Records for processing START
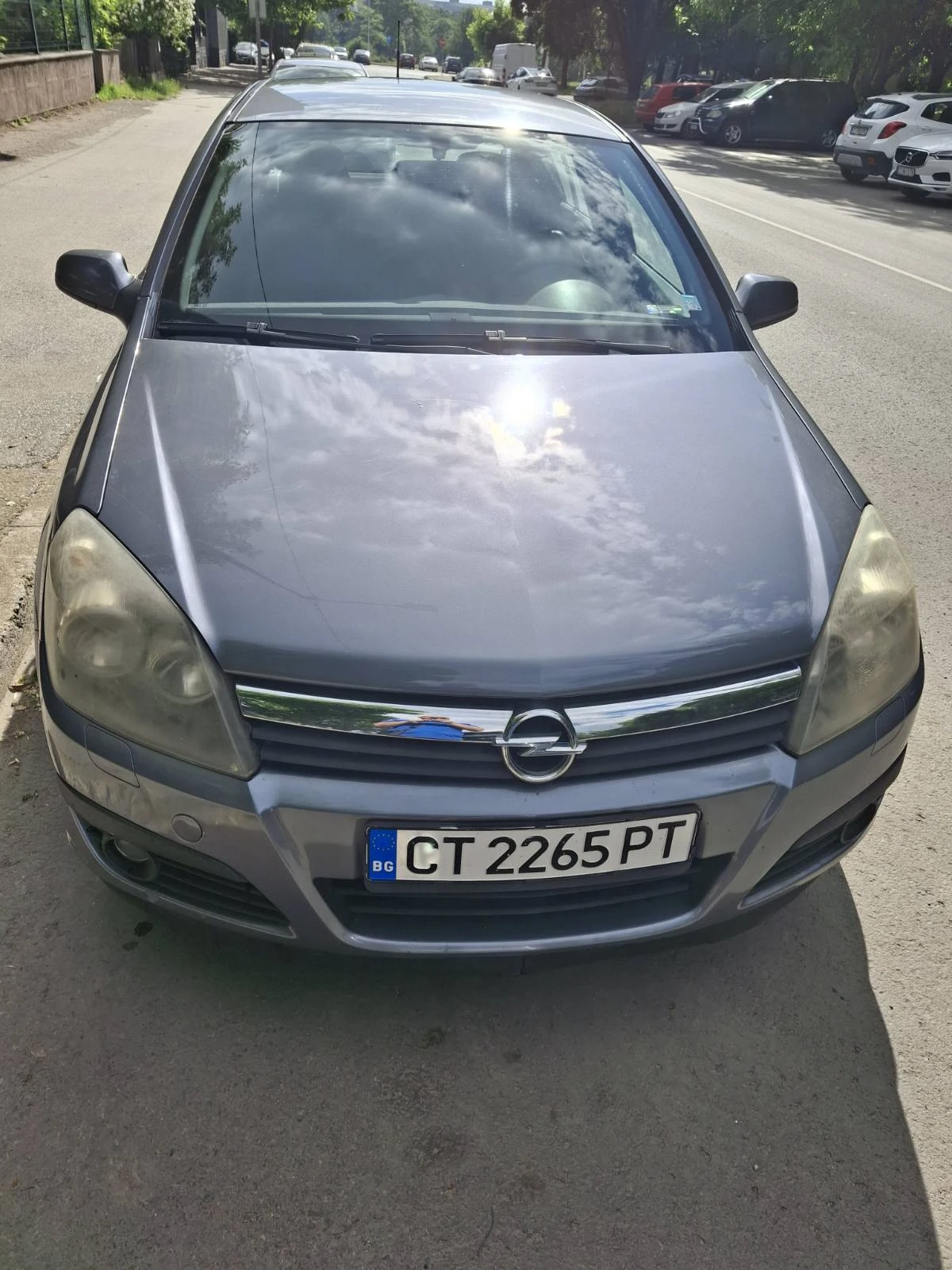 Opel Astra 1.6 i | Mobile.bg � ����������� 10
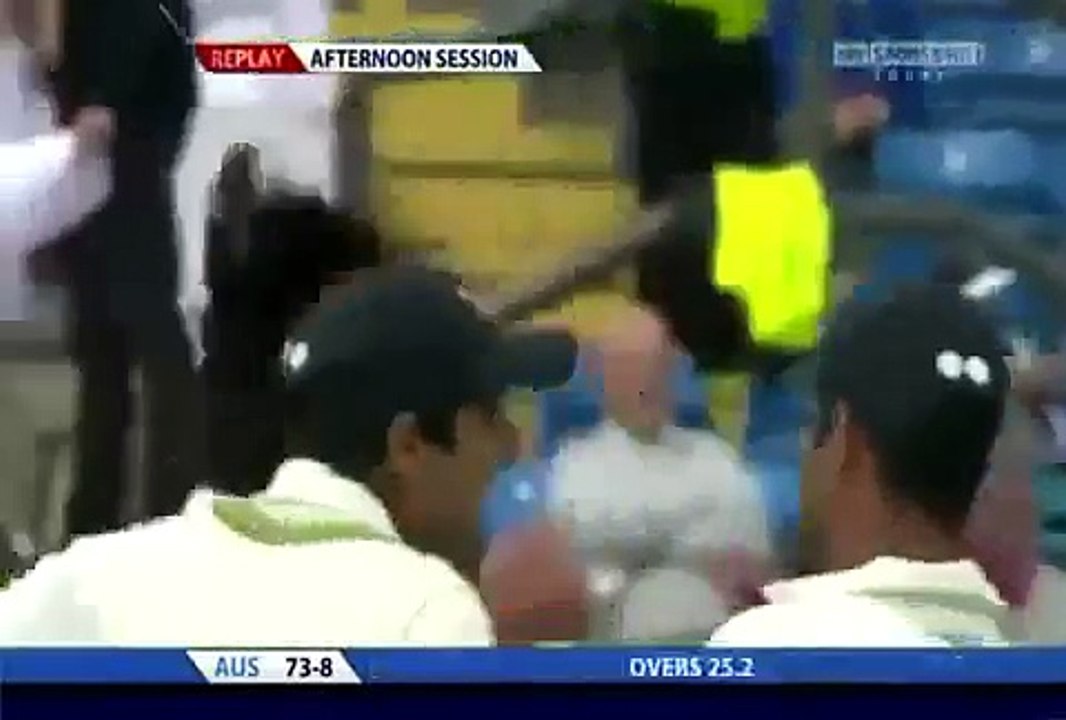 Best ball of Muhammad Aamir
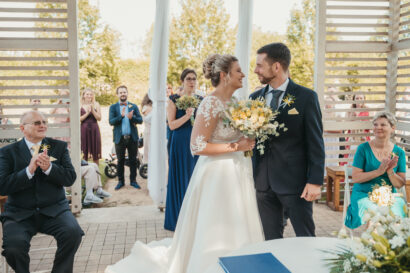 svatba svatebni foceni zamek ctenice petra jiri wedding photo 16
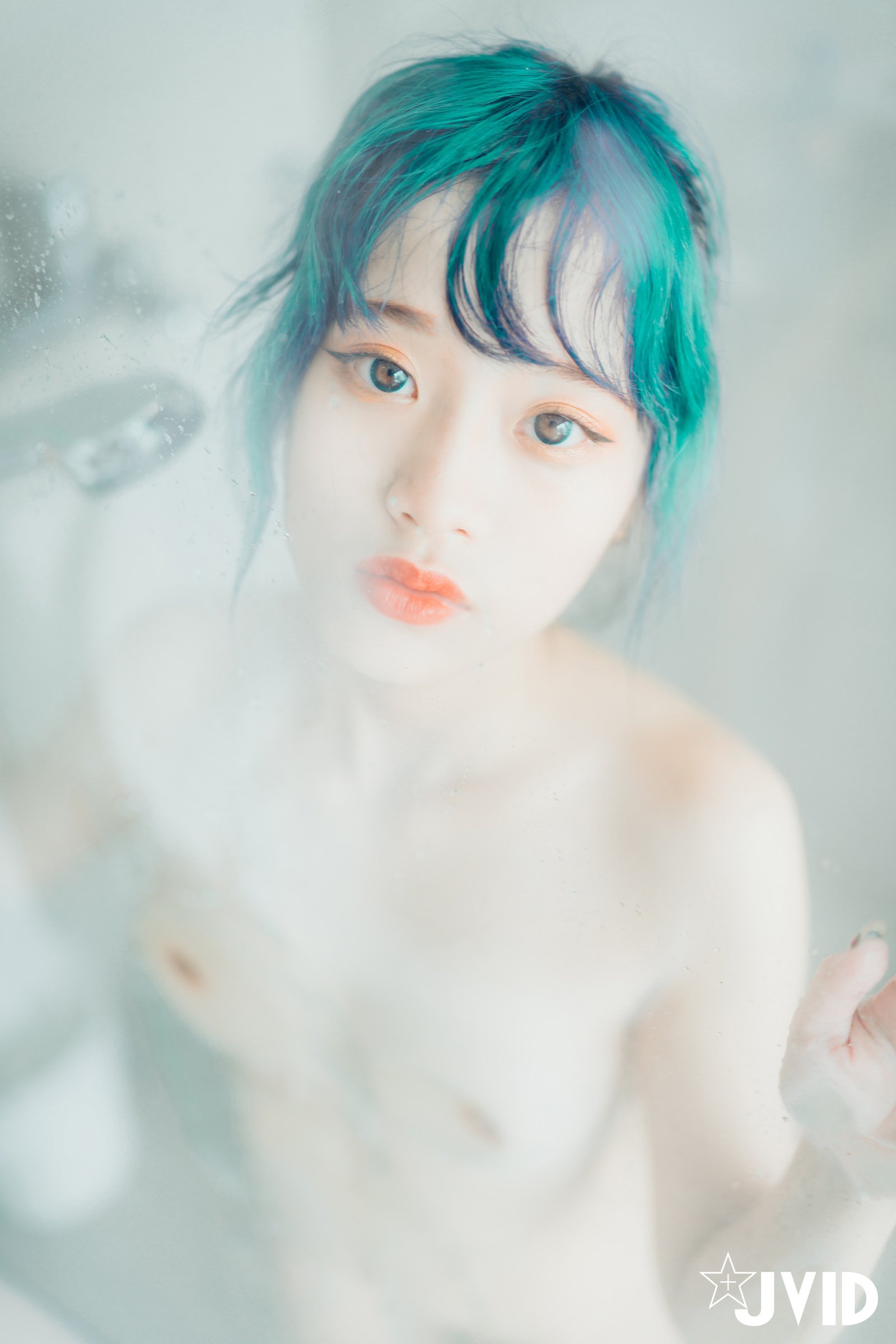 Korean Fang 韓芳語 – 超完璧な若い体 (P)
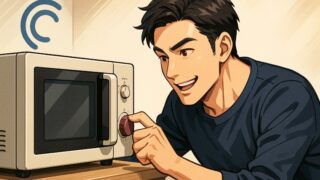 単機能電子レンジ選びで静かさ重視の人が見るべき基準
Records for processing END
Ignoring the pictures, write out word for word only the lines from the one containing "svatba svatebni foceni" through the last line of the data, both ends included.

 svatba svatebni foceni zamek ctenice petra jiri wedding photo 16
 Korean Fang 韓芳語 – 超完璧な若い体 (P)
 単機能電子レンジ選びで静かさ重視の人が見るべき基準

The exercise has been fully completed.